The Planning Commission will consider two drafts of the updated Land Use Chapter on April 15.  Both drafts (A and B) are fatally flawed.

The eight planning commissioners have the authority/responsibility to produce a good plan.  Fortunately they have more than two options.  The planning commissioners are not required to pick just one version on April 15.

Since both versions are seriously inadequate, the Planning Commission should start with one draft, delete the bad parts, and incorporate the good parts from the other draft.  A hybrid document with the best of both versions could be far better than A or B.

One place where Draft B has better language than Draft A: guidance on phasing development.

Draft A says:
PR1.10 A phasing plan must be provided to ensure that critical infrastructure (i.e. roads, sidewalks, drainage, water and sewer) for office, employment and lodging these uses is developed proportionately with each phase of the project.

Draft B adds to that a valuable sentence “In a mixed use designation area a phasing plan must also be provided to ensure proportional development of residential and non-residential within each phase of the project.

Far too often, we see mixed use development proposals that sound good if constructed according to what’s on paper – but there’s a bait-and-switch component.  Approvals are phased so residential development comes first.  If developers do not build the whole project, expect to see nothing but residences – with kids, burdening taxpayers to build more schools.

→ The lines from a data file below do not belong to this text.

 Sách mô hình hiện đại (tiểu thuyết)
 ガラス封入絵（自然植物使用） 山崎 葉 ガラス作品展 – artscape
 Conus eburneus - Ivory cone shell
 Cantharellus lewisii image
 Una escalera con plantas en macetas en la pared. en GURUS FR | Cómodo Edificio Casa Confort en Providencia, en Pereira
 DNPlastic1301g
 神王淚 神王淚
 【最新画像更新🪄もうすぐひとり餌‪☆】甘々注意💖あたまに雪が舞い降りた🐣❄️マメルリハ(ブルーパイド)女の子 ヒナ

A classic example is the proposed Wheelers Grove project (PLN2005-00453).  It proposed 7 landbays for development – but of the 1.5 million square feet of office space, only 138,000 (9% of the total) would be built before all 772 multi-family dwelling units were completed.  The “mixed use” is 90% promises and 10% commitment.

Housing sells faster than offices in Prince William.  Unless phased development is mandated, a developer could maximize quick profit by building most of the residential and little of the office, then abandon the project and move on to a new development.

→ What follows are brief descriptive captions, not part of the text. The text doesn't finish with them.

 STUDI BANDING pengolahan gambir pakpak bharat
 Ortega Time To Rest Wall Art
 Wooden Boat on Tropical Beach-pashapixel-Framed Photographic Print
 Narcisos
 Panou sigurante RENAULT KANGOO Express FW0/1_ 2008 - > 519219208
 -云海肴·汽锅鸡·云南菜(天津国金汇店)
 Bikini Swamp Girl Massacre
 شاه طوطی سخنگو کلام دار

County planners want offices as well as bedrooms, but the staff’s draft (Plan A) is not specific enough.  If we don’t get more office development in PW County, we guarantee future commuter traffic jams – and property tax rebellions, when homeowners saddled with costs for schools push for caps on property taxes.

(Own residential property in the county now?  You’re carrying 86% of the tax load.  According to the Fiscal Year 2009 – 2013 Projections of General County Revenue, the percentage of property taxes paid by residential vs. commercial property taxes shifted dramatically between 2001 and 2007.  In 2001, commercial property contributed 22% of property taxes but by 2007, that number had dropped to 14%.)

Unless we require phased development, we’ll get rooftops and retail, but we won’t get offices.  So let’s be clear in the Comp Plan – anyone planning to build residential here also needs to build the commercial that is promised.